Students participating in the program put together a proposal outlining what they intend to teach and what kinds of projects they plan on integrating into the curriculum. The scholar spends between two and three hours in the classroom each week – a total of 25 hours by the end of the program – working with the teacher and doing fun and creative projects with the kids. Clare Raccuglia, a junior, has been involved with ArtsBridge for two years. Assigned to a class of fourth-graders at a local elementary school, she focuses on combining nature and art in her projects. She uses the Fox River and Lake Winnebago to help teach the children about native cultures in the area and to foster ecological awareness at a young age.
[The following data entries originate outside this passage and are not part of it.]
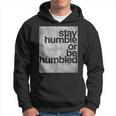 Stay Humble Or Be Humbled MotivationalHoodie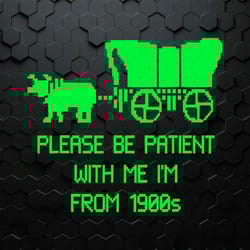 please be patient with me quote svg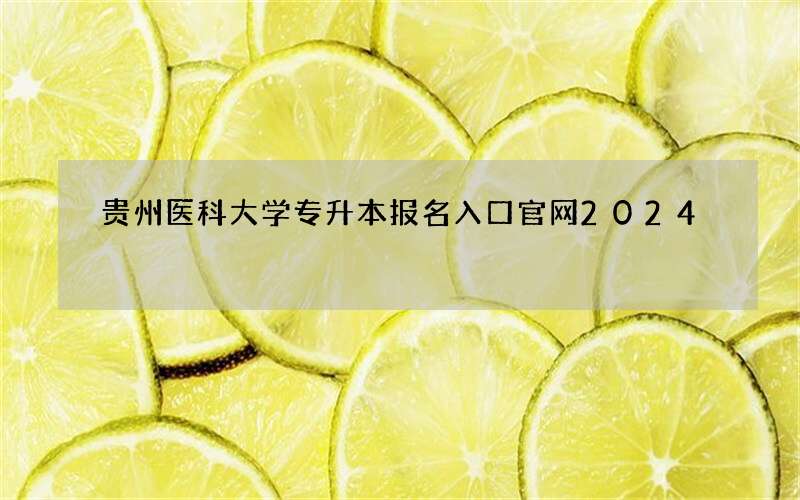 贵州医科大学专升本报名入口官网2024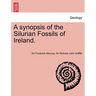 A Synopsis of the Silurian Fossils of Ireland.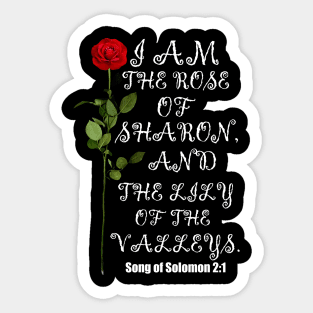 I Am The Rose Of Sharon And Lily Of The Valley Christian Design Sticker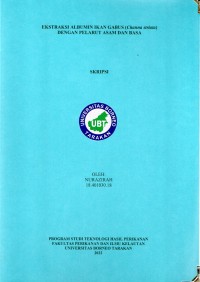 Ekstraksi Albumin Ikan Gabus (Channa striata) Dengan Pelarut Asam Dan Basa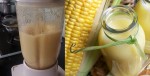 Không cần mua ngoài đường nữa: Công thức sữa bắp nguyên chất ai nấu cũng ngon!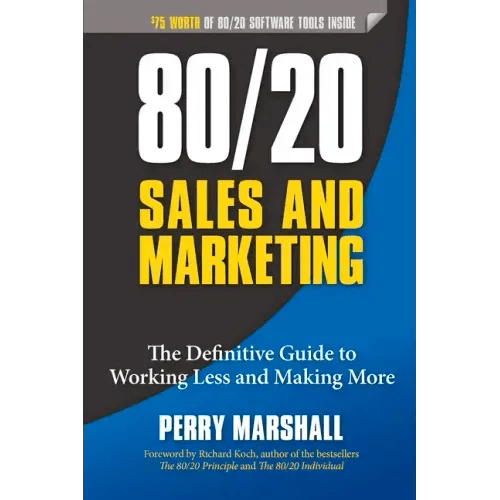 80/20 Sales and Marketing: The Definitive Guide to Working Less and Making More - Paperback - iShook Books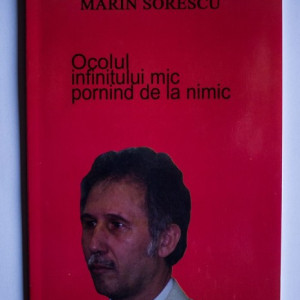 Marin Sorescu - Ocolul infinitului mic pornind de la nimic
Raccuglia’s many projects with her class include nature journals and sculptures. “The kids are so great,” she says of her experience. “In one class, I asked what art meant to them and one of the kids answered with ‘art makes you happy when you’re feeling sad.’ It was so cute.”
The ArtsBridge experience is extremely rewarding, but it can be difficult. Sarah Welch, also a junior, started participating in the ArtsBridge program this year and found it to be more difficult than she had expected. “It’s almost like taking a really hard fourth class,” she says of the work involved. “It can be frustrating, and sometimes hard. However, the kids are wonderful and I think in the end it will really help me a lot in the future.”
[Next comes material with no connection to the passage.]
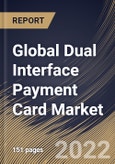 Global Dual Interface Payment Card Market Size, Share & Industry Trends Analysis Report By Type (Plastic and Metal), By End Use (Retail, Transportation, Healthcare, Hospitality, and Others), By Regional Outlook and Forecast, 2022 - 2028- Product Image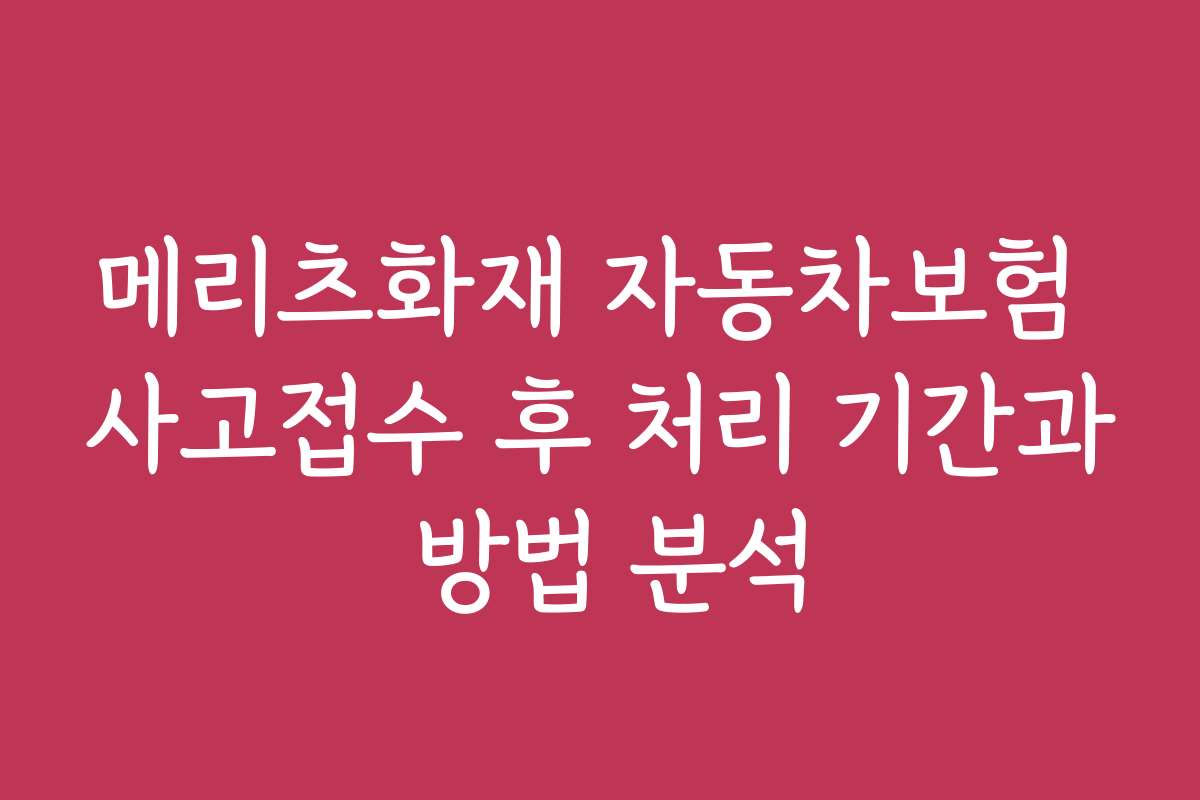 메리츠화재 자동차보험 사고접수 후 처리 기간과 방법 분석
Participation in the program counts toward observation hours for education majors like Welch who need to get experience teaching in a real classroom. “I think it’s really good to get into the classroom,” says Welch. “It helps you to see if this is something you really want to do.” For students interested in the ArtsBridge program, it is very easy to apply. Students can pick up an application at the International House on East John Street, in which they write out their proposal. Once their application is accepted, program director Jasmine Yep pairs students with local teachers who also submit requests for certain kinds of projects in various media. Any student can participate, regardless of their major. The ArtsBridge program, while relatively new, seems as if it has taken off. It is an opportunity for college students who may be interested in teaching one day to get classroom experience, as well as for students who just want to be able to enrich local kids’ lives through the arts and education.